▶ **INPUT FOR THIS TASK**

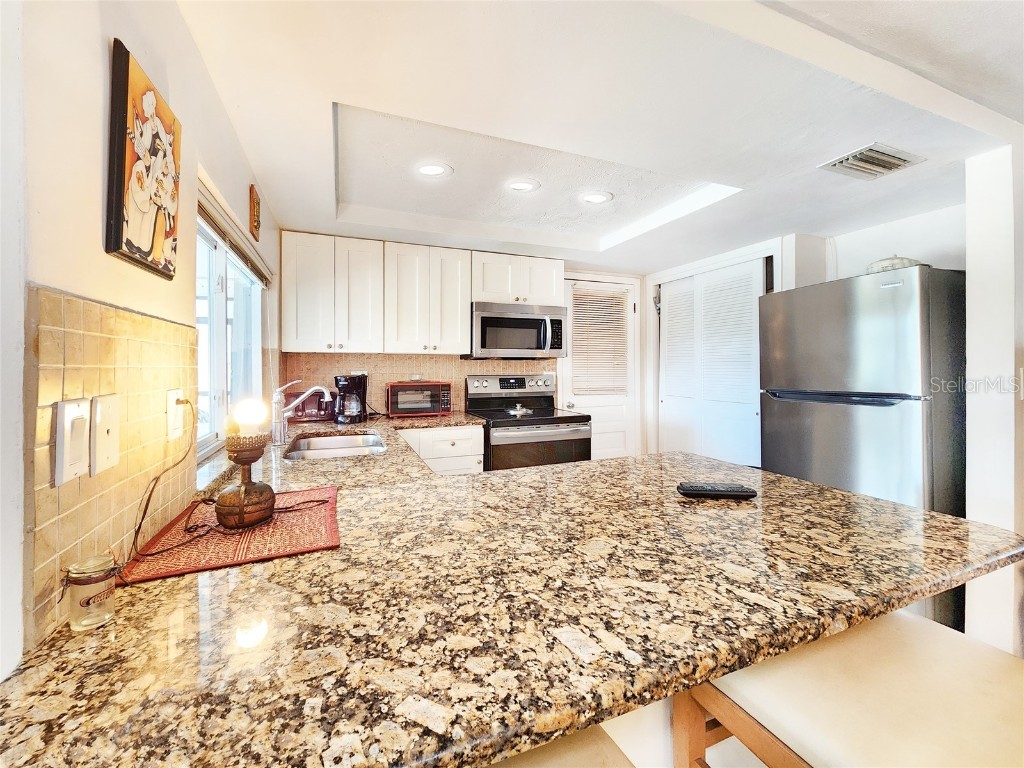 3520 Overland Drive Holiday FL 34691 TB8432018 image11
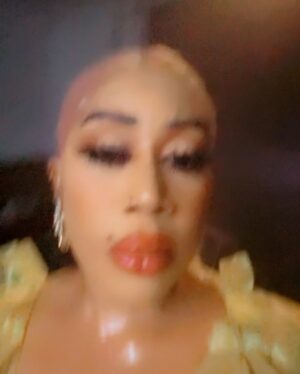 Moyo Lawal Instagram - A ray of sunshine ☀️ that has absolutely no capacity to hate or dislike no matter the circumstances….. …. ….. …. Accordingly to 
Romans  12-19 …. Do not take revenge, my dear friends, but leave room for Gods wrath, for it is written ; it is mine to avenge”. Says the lord. (20).. on the contrary; if your enemy is hungry , feed him ; if he is thirsty, give him something to drink … … 
#loveandlight always 
#soblessedandfiercelygrateful 
🎆 @praise_that_photographer 
💄 @iwalewa_signatures 
👗  @selizroyal_headwears 
Skinplug @moyolawalplus 
#moyobaby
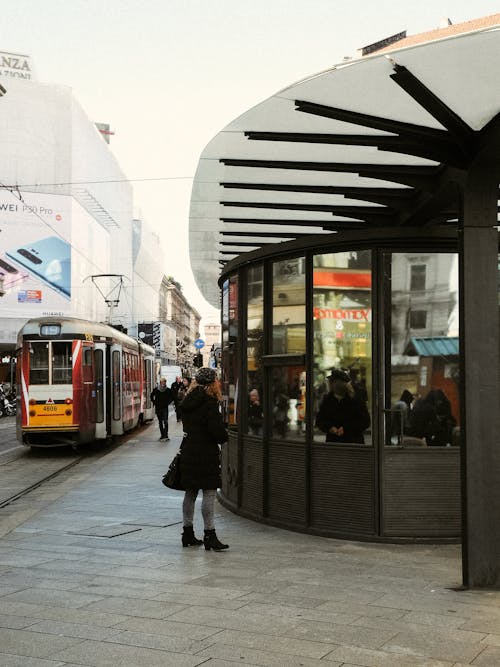 交通系統, 人, 地鐵系統 的 免费素材图片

▶ **TASK OBJECTIVE**
All of the material above should be written out exactly as given, minus any images.

▶ **EXERCISE SOLUTION**
 3520 Overland Drive Holiday FL 34691 TB8432018 image11
 Moyo Lawal Instagram - A ray of sunshine ☀️ that has absolutely no capacity to hate or dislike no matter the circumstances….. …. ….. …. Accordingly to 
Romans  12-19 …. Do not take revenge, my dear friends, but leave room for Gods wrath, for it is written ; it is mine to avenge”. Says the lord. (20).. on the contrary; if your enemy is hungry , feed him ; if he is thirsty, give him something to drink … … 
#loveandlight always 
#soblessedandfiercelygrateful 
🎆 @praise_that_photographer 
💄 @iwalewa_signatures 
👗  @selizroyal_headwears 
Skinplug @moyolawalplus 
#moyobaby
 交通系統, 人, 地鐵系統 的 免费素材图片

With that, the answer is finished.